Narbonne : L’insécurité s’installe… pour les étourneaux

Comme dans Les Oiseaux, le film d'Alfred Hitchcock, les étourneaux occupent les hauteurs de la ville... Photo D.-R.

Dans son film, Les Oiseaux (1963)Hitchcock avait su donner à de banals volatiles l’aura de créatures mortellement dangereuses. Sans susciter la terreur, le retour annuel des étourneaux est un véritable casse-tête pour de nombreuses collectivités. La ville de Narbonne a choisi de riposter… Peur sur la ville !

Des nuages formés de milliers d’étourneaux, qui cherchent châleur et sécurité dans les villes. Photo D.-R.
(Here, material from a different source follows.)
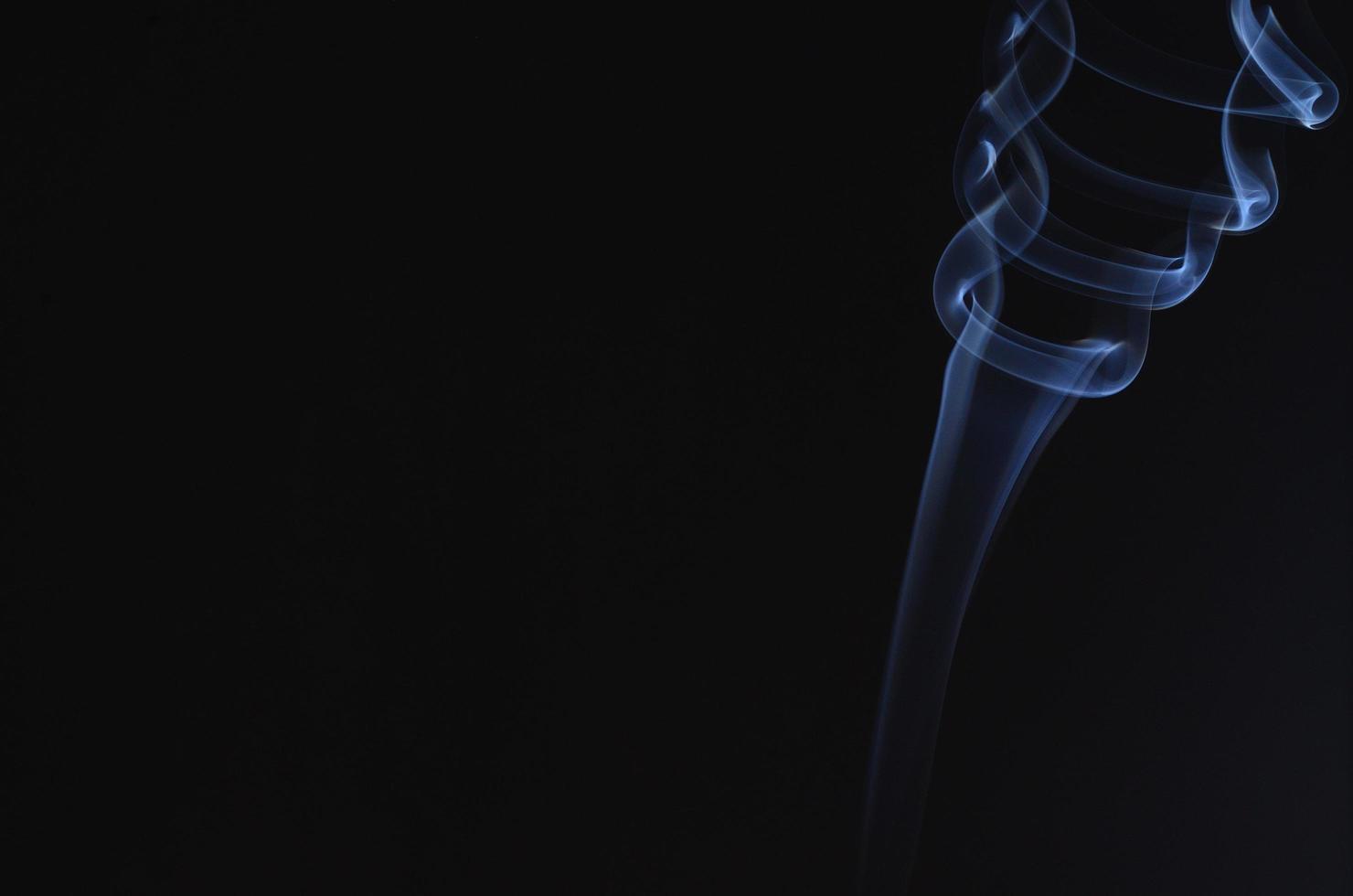 smoke turns with black background photo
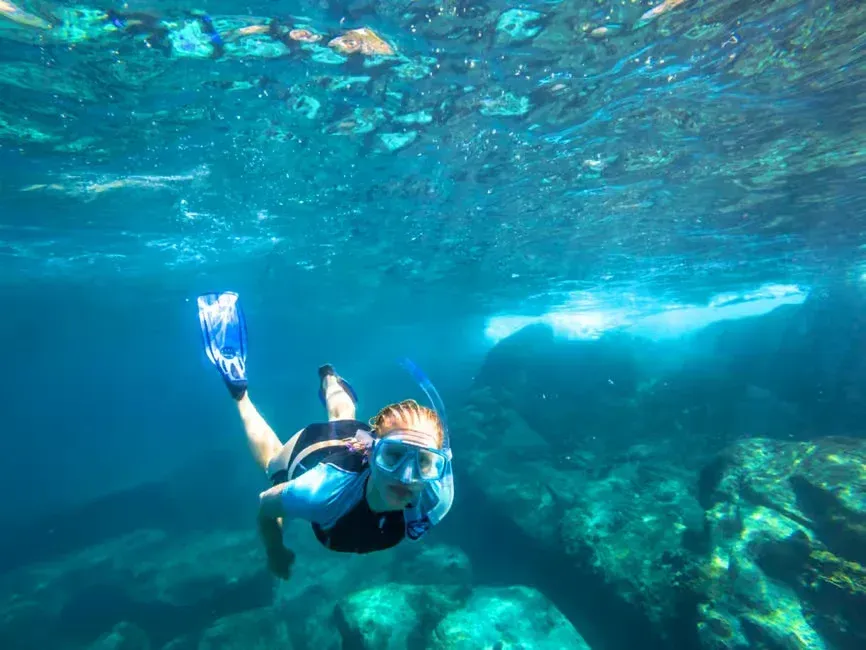 a woman snorkeling in krabi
À l’automne, les étourneaux viennent chercher dans le cœur des villes un lieu pour passer la nuit en toute sécurité. Ils recherchent principalement de la chaleur, de la lumière et l’absence de prédateurs. Les « dortoirs » d’étourneaux  sont donc majoritairement des parcs urbains offrant l’opportunité à plusieurs milliers d’individus de passer la nuit ensemble. Mais de tels regroupements entraînent de fortes nuisances sonores mais également olfactives, à cause des fientes qui, d’autre part, dégradent le bâti et les carrosseries des véhicules. La cohabitation avec l’Homme devient ainsi difficile… Dans l’Aude, Narbonne a choisi la riposte aérienne : des rapaces contre l’invasion !

Eviter la pyrotechnie

« Soucieuse du confort de ses habitants, et afin de lutter contre les nuisances générées par les étourneaux en ville, la Ville de Narbonne renouvelle sa stratégie d’effarouchement de ces volatiles par le recours à des fauconniers spécialisés. Depuis 2015 et grâce à des rapaces spécialement entraînés, le service Hygiène et Salubrité, dont Guy Clergue est l’élu référent, tente de dévier les circuits de migration de ces volatiles, afin de préserver le patrimoine bâti et les véhicules des dégradations causées par cette invasion saisonnière », précise un communiqué.

Cette stratégie, qui a commencé lundi 24 septembre, vise également à « réduire les nuisances sonores générées par les tirs de feux d’artifices, habituellement utilisés pour faire fuir les étourneaux, en ayant recours à un nouveau mode d’effarouchement naturel et moins bruyant. » Des moyens pyrotechniques pourront cependant être utilisés ponctuellement, pour optimiser l’impact de
la campagne d’effarouchement. mais « leur utilisation sera limitée au
maximum. »

Une entreprise gardoise sollicitée

L’un des 5 rapaces sélectionnés par la société gardoise Eco-nuisibles… Photo D.-R.

Les services de l’entreprise nîmoise Eco-nuisibles ont été sollicités pour cette opération annuelle. Compte tenu de la grande taille du territoire à couvrir et de l’importance du nombre d’étourneaux présents, elle déploie d’importants
moyens : pas moins de cinq rapaces spécialisés sont lâchés par deux fauconniers. Ce fonctionnement permet d’optimiser l’efficacité de l’opération en agissant sur différents sites simultanément. Afin d’assurer l’efficacité de l’intervention, diverses espèces de rapaces sont utilisées : un autour des palombes (accipiter gentilis), un faucon pélerin (falco peregrinus) et trois buses de Harris (parabuteo unicinctus).

Le but de ces opérations est de « créer un climat d’insécurité au sein de la colonie implantée, avec un harcèlement des étourneaux effectué sur une période de quatre jours consécutifs… » Ce mode opératoire permet de déplacer la colonie en dehors de la collectivité. L’entreprise interviendra du lundi au jeudi soir pour faire fuir les étourneaux qui résident dans la ville. A noter que l’étourneau sansonnet, plus communément désigné comme étourneau en France, est une espèce classée comme « nuisible » (arrêté ministériel du 30 juin 2015). A ce titre, il peut être piégé toute l’année et en tout lieu.

Comme c’est le cas depuis 2015, c’est l’entreprise gardoise Eco-nuisible qui a été choisie. Cette société pratique la fauconnerie traditionnelle, qui s’applique à conserver l’instinct naturel de chasse des rapaces. Ces volatiles sont entraînés quotidiennement afin qu’ils ne se spécialisent que sur un seul type de gibier.
Les fauconniers disposent d’un certificat de capacité relatif à l’élevage de rapaces et à la pratique de l’effarouchement à l’aide d’oiseaux de proie, ainsi que d’un agrément pour le piégeage. Par ailleurs, l’équipe de fauconniers a suivi une formation militaire aux moyens pyrotechniques.